EXERCISE OBJECTIVE
From the listing below, count the lines that contain the string "choose", then state only that number.

DATA RECORDS section start

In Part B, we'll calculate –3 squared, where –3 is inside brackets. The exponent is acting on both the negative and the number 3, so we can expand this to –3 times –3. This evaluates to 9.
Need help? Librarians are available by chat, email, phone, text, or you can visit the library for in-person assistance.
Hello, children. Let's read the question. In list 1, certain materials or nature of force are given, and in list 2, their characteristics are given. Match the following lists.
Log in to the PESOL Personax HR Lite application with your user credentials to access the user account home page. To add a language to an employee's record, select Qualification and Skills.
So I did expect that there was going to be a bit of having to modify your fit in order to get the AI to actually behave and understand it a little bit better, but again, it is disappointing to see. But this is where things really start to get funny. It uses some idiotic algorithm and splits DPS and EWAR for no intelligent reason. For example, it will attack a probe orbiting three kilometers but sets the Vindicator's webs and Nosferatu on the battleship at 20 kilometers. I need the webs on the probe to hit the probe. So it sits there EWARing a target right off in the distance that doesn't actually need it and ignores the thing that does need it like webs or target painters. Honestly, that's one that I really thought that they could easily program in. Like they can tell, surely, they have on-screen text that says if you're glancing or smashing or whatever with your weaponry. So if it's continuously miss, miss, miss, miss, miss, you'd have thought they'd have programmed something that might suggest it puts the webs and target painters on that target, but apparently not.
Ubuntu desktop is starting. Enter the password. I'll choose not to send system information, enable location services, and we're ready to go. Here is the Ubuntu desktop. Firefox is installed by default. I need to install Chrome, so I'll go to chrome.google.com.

DATA RECORDS section end
DATA RECORDS section start

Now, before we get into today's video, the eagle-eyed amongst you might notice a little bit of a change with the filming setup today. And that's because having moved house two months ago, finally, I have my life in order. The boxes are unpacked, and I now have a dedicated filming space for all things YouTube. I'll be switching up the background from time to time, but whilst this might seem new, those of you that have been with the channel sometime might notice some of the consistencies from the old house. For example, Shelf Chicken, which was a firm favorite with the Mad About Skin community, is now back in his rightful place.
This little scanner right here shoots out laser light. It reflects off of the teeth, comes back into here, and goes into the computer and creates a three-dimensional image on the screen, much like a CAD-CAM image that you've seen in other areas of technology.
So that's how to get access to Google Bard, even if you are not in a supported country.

DATA RECORDS section end
DATA RECORDS section start

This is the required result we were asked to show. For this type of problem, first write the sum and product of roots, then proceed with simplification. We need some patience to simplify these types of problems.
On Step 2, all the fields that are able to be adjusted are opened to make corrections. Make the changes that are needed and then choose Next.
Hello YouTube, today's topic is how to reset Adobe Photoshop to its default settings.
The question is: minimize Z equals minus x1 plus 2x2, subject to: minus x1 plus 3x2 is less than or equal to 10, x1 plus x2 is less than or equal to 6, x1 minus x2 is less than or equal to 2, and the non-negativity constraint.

DATA RECORDS section end

SOLUTION FOR THIS PROBLEM
2